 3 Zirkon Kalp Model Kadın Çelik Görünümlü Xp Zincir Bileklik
==
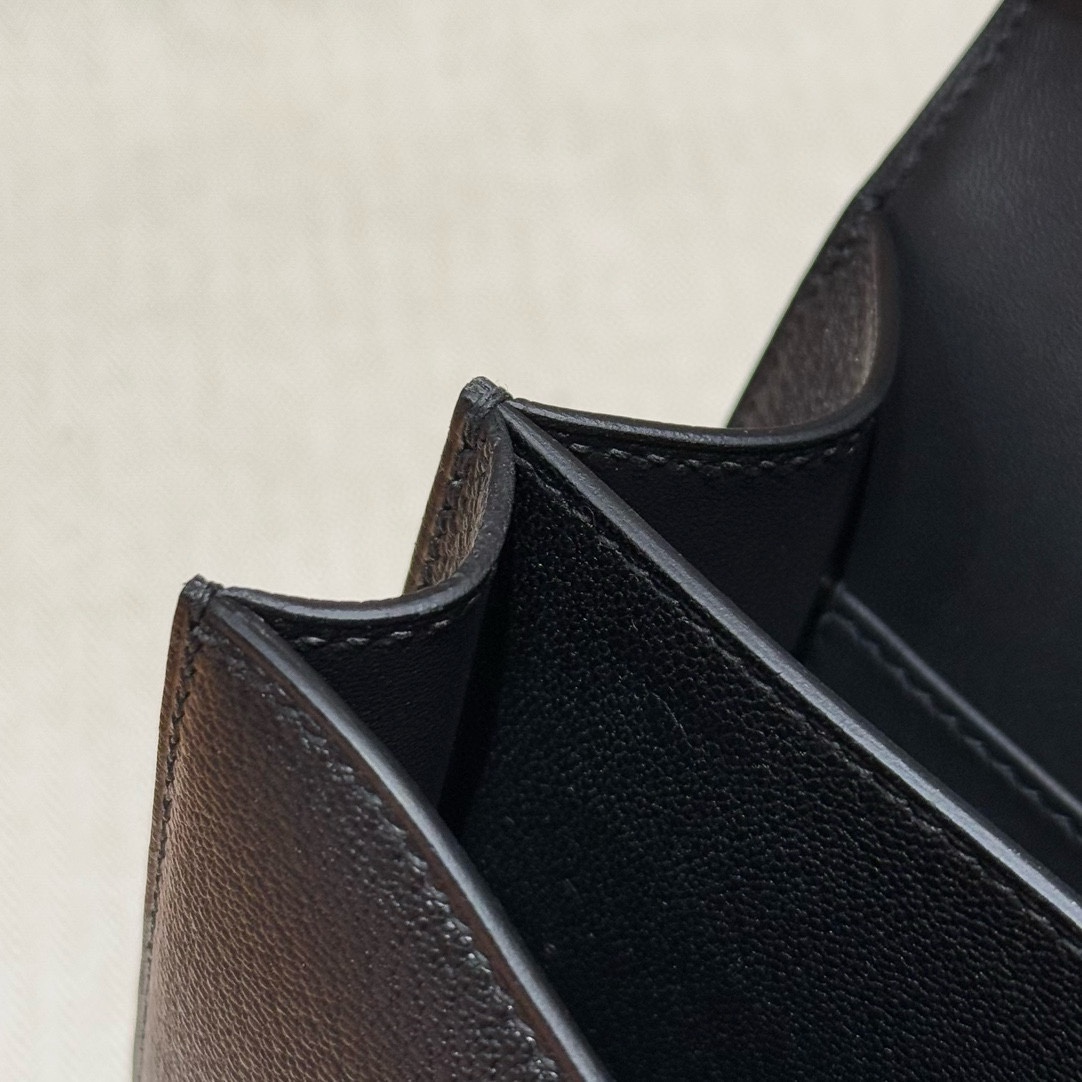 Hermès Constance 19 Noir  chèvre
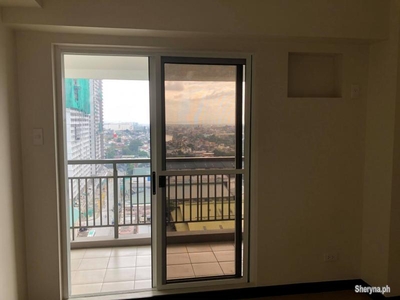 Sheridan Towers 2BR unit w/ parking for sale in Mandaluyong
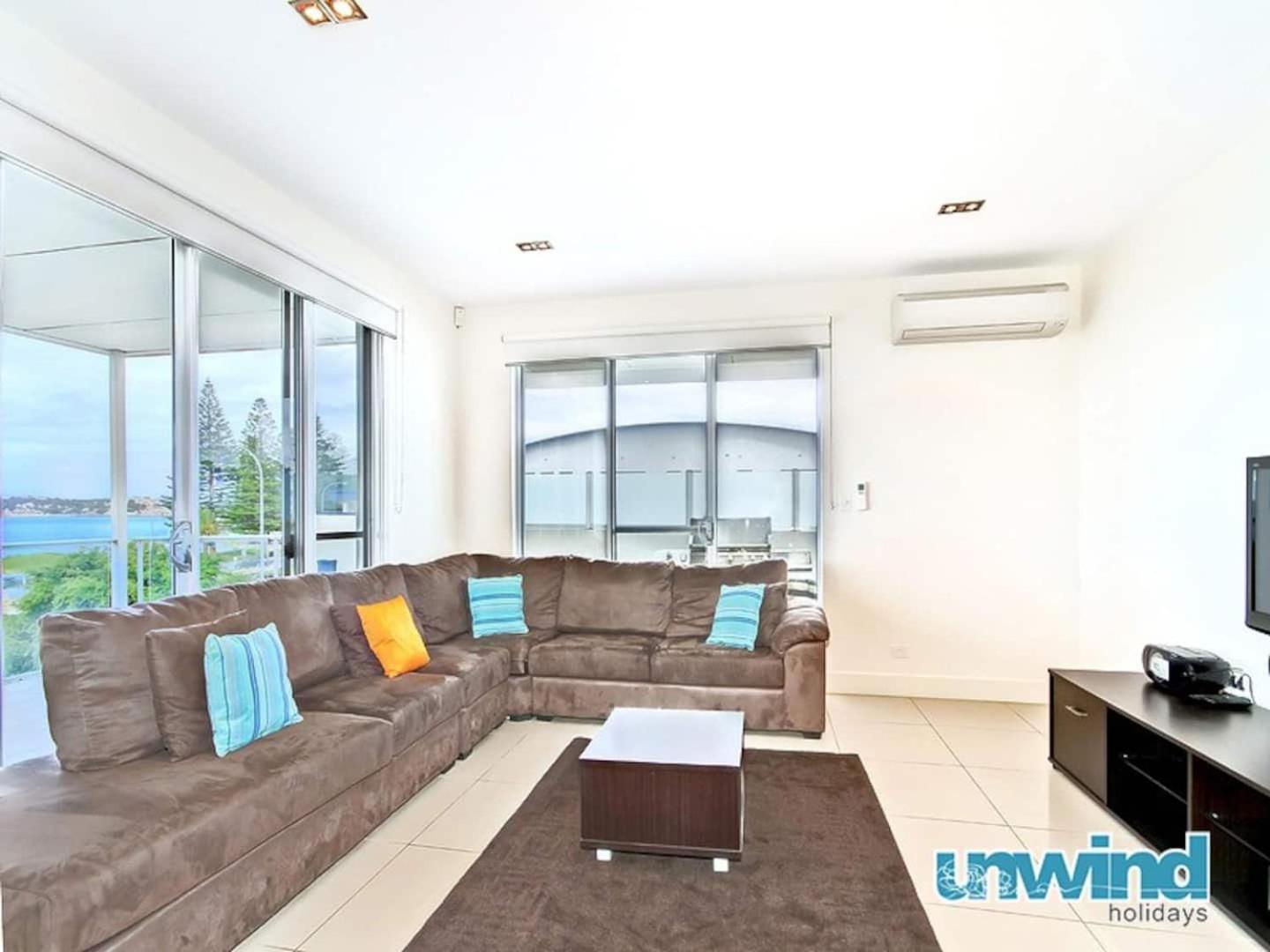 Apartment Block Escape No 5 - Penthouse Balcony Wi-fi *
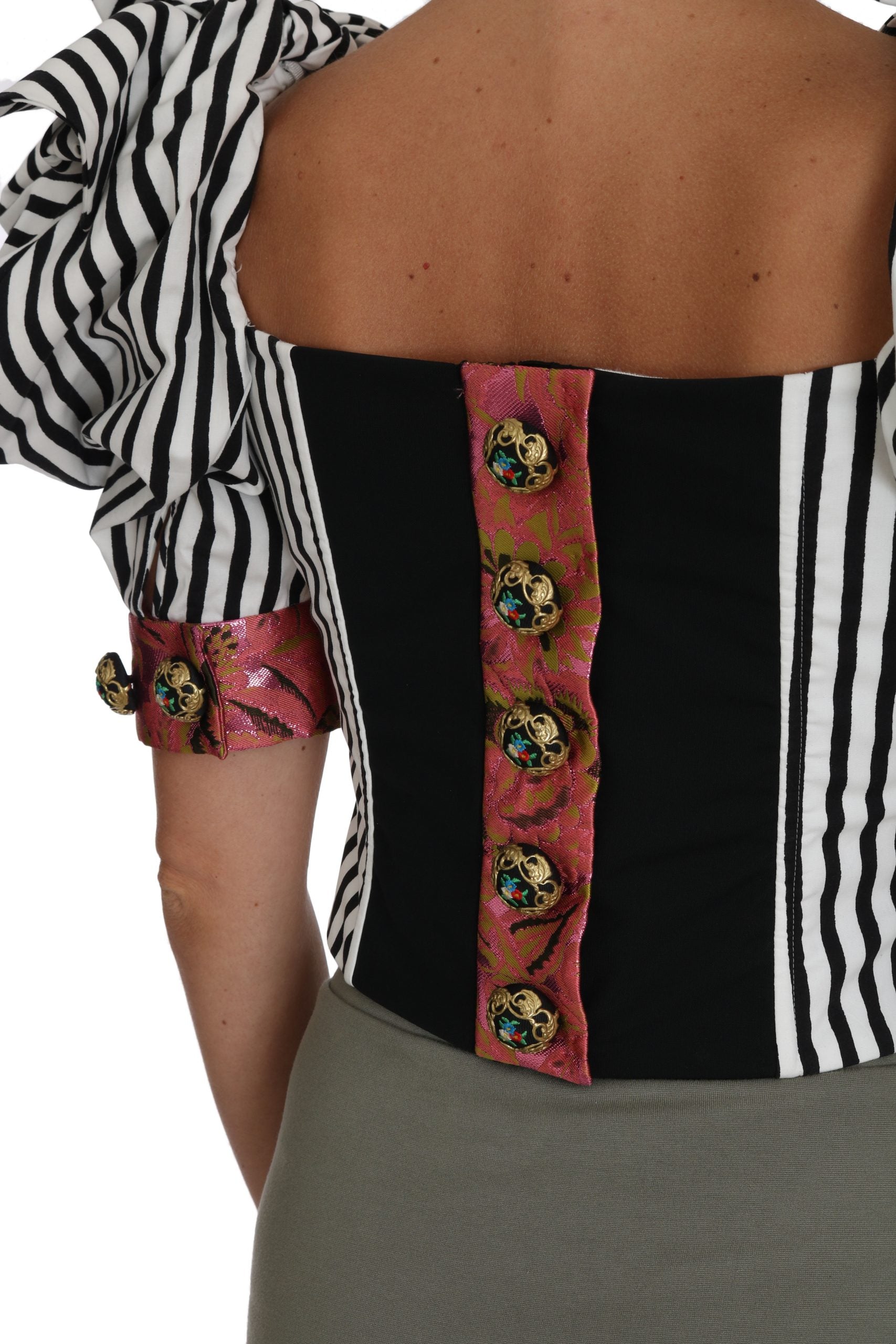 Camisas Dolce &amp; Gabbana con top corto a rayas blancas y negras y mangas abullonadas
---
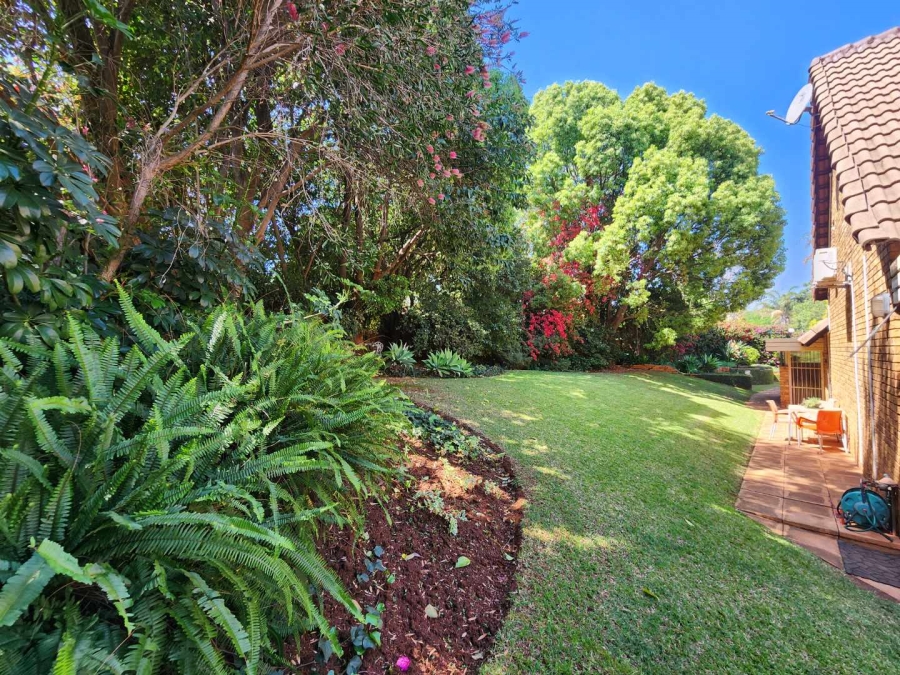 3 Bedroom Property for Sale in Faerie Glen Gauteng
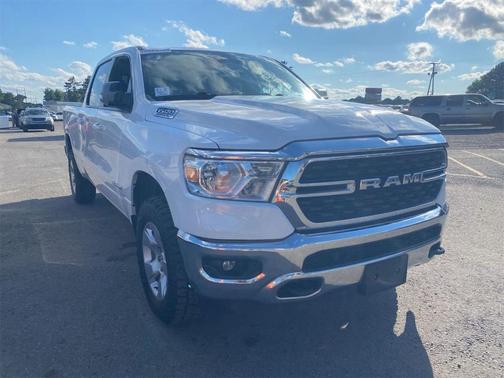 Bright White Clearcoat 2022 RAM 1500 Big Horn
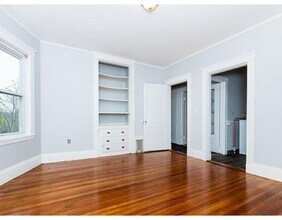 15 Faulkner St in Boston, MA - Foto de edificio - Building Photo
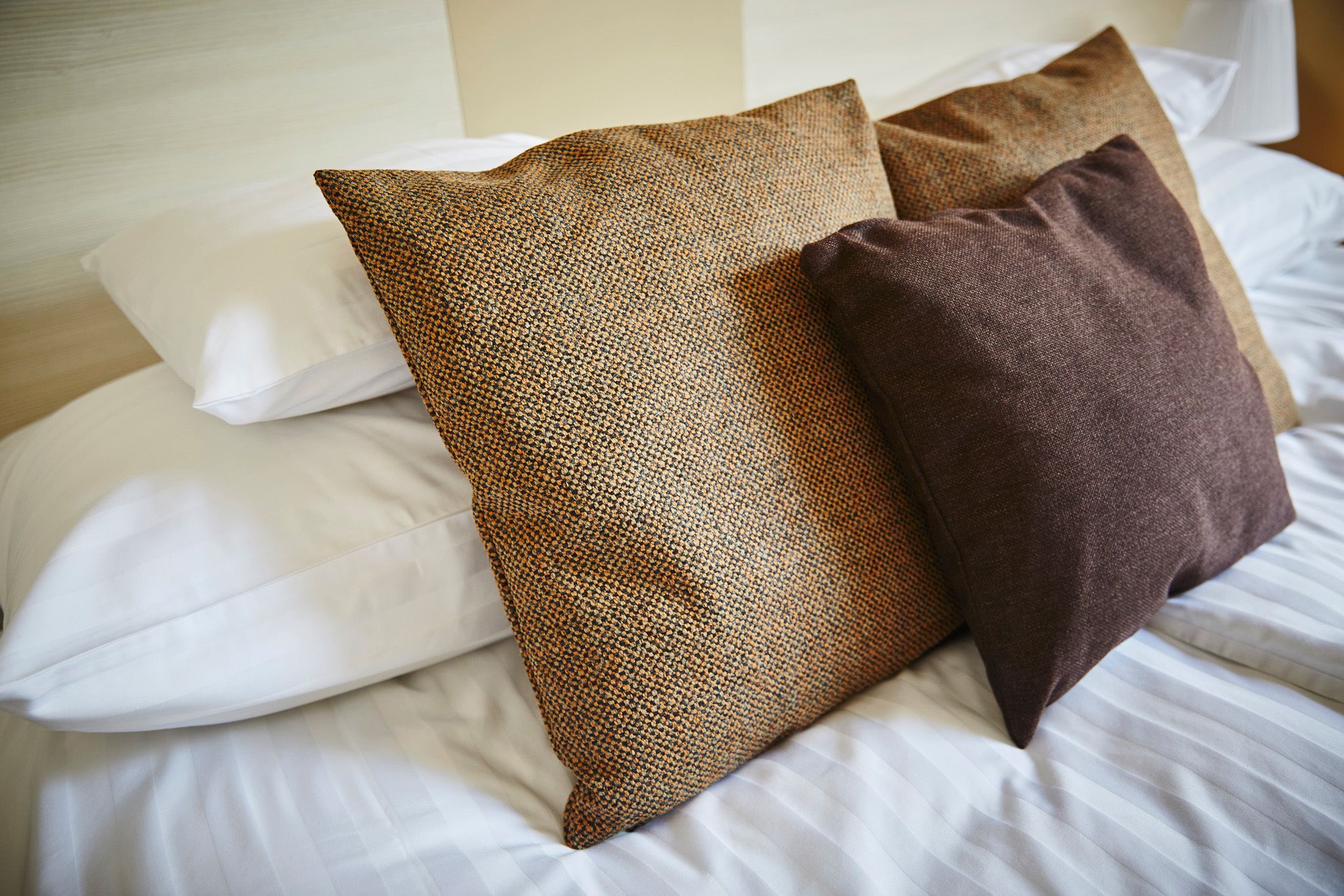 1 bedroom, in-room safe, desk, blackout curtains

_What you should do_
Using the listing above, restate exactly the range between the lines holding "Hermès Constance 19" and "Camisas Dolce &amp;", inclusive, with pictures left out.

_Reply_
 Hermès Constance 19 Noir  chèvre
 Sheridan Towers 2BR unit w/ parking for sale in Mandaluyong
 Apartment Block Escape No 5 - Penthouse Balcony Wi-fi *
 Camisas Dolce &amp; Gabbana con top corto a rayas blancas y negras y mangas abullonadas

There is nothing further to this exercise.